Borges-Rosa et al.’s study has two main objectives: to validate the Antwerp score proposed by Bogarti et al.; and to identify predictors of the success of atrial fibrillation ablation in this population. In their analysis, the Antwerp score demonstrated good discriminatory power between responders and non-responders, which is in line with previously published results.
However, the predictors of success are not all the same as those identified in the Antwerp model.
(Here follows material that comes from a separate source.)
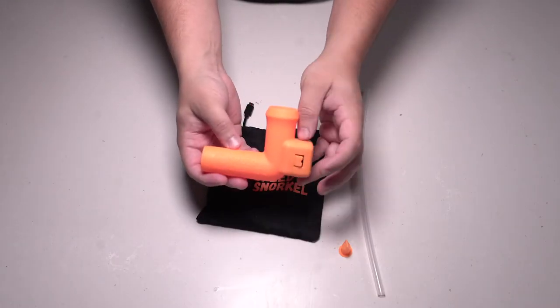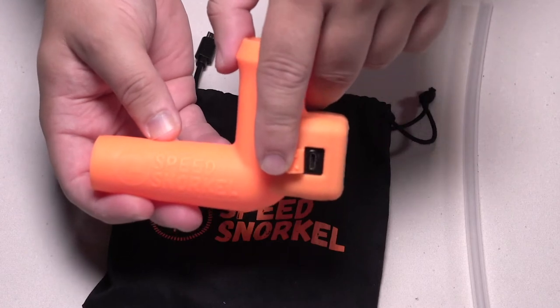The first thing is the speed snorkel itself will come charged, but the biggest thing is before a night out, make sure you charge it. You get 12 hours out of it, but you don't want to go into a night realizing you've got to charge it — you get halfway through and it goes out, or you only get an hour of use. Imagine you forget the cord — that's why you charge it beforehand.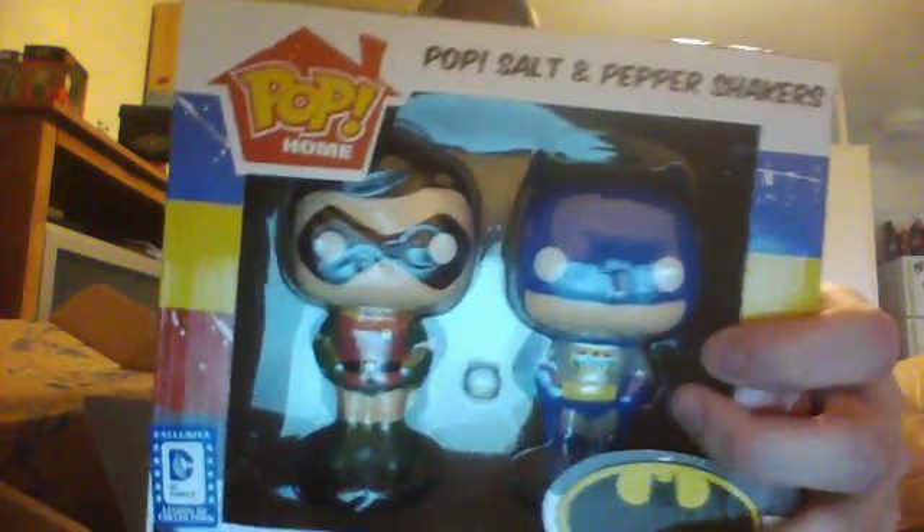Next item in the box is a Batman and Robin Salt and Pepper Shaker, which is kind of funny because I've got the Batman and Joker Salt and Pepper Shaker — the Batman is the same exact one, he's awesome. So let me put that back, and our pop vinyl, which is exclusive to this — this Salt and Pepper Shaker is Plastic Man.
In Borges-Rosa et al.’s population, the factors identified as predictors of response were as follows: clinical suspicion of tachycardia-induced cardiomyopathy (which is in fact the same as the absence of a specific etiology); QRS width (a marker of severity and prognosis) in HF patients; and LV volumes. By contrast, LA diameter and type of atrial fibrillation were not predictors of response in this study. This can likely be explained by differences in the populations studied and by the small number of patients in the study.
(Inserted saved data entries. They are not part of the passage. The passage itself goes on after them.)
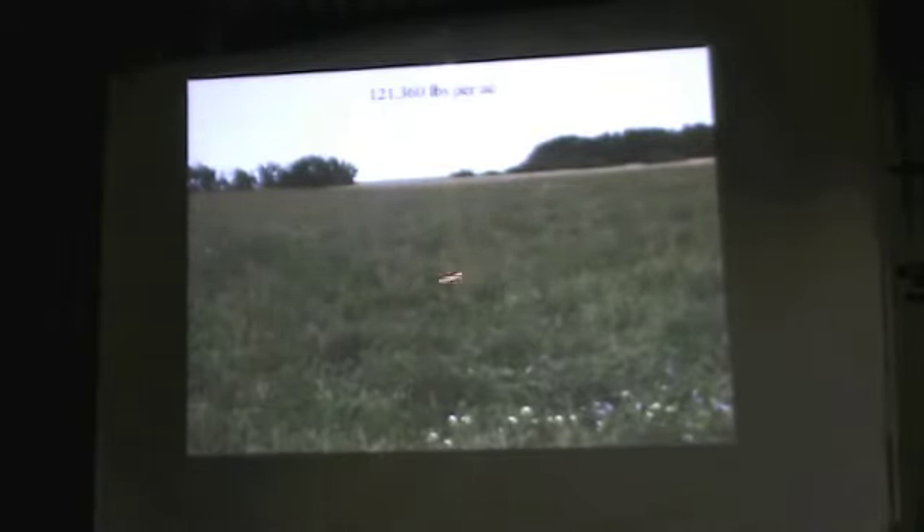This is 121,000 pounds of beef per acre. See all the stalks here — there's one seed head left, but they stripped all the seed heads. All that brown is the stalks from the bone grass that they didn't want to eat. They ate all the alfalfa and the seed heads.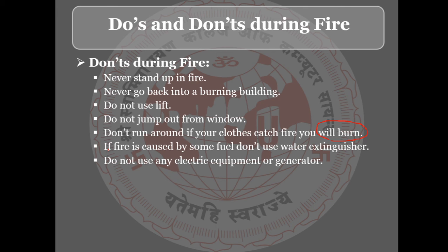If the fire is caused by some fuel, don't use water extinguishers. Using water on a fuel fire can make it worse.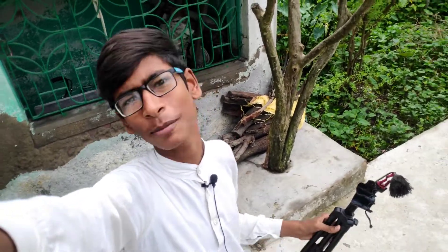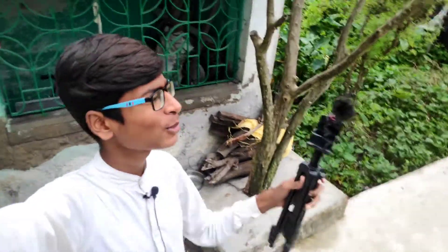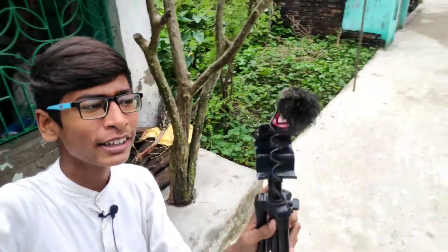Hi guys, my name is Farhan and welcome to my first vlog. I was thinking about making a vlog, so that's why I have set up a microphone and tripod in my house.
This study has several limitations (some acknowledged by the authors), including the single-center retrospective nature of the analysis, the lack of a comparison group, and inability to accurately quantify atrial fibrillation burden (few patients had a cardiac device implanted). A significant limitation is the lack of information on patient selection, raising questions about selection bias. We do not know how many patients this cohort was selected from or whether patients with more advanced forms of heart disease (valvular, ischemic, or cardiomyopathy) were accepted to undergo ablation. This is even more important because the number of suspected tachycardia-induced cardiomyopathy cases was very high and also because this parameter is used in the model to predict response.
The data presented are not new, but they add to the available evidence, and are also the first available on this issue from a Portuguese center.
In conclusion, this paper confirms the existing idea that the best candidates for atrial fibrillation ablation among HF patients are those in whom no other cause of HF can be identified. Better tools to identify these patients are still needed because in fact, most of the time, the diagnosis of atrial tachycardia-induced cardiomyopathy is made retrospectively after successful ablation with complete recovery of LV function.12
Conflicts of interestThe authors have no conflicts of interest to declare.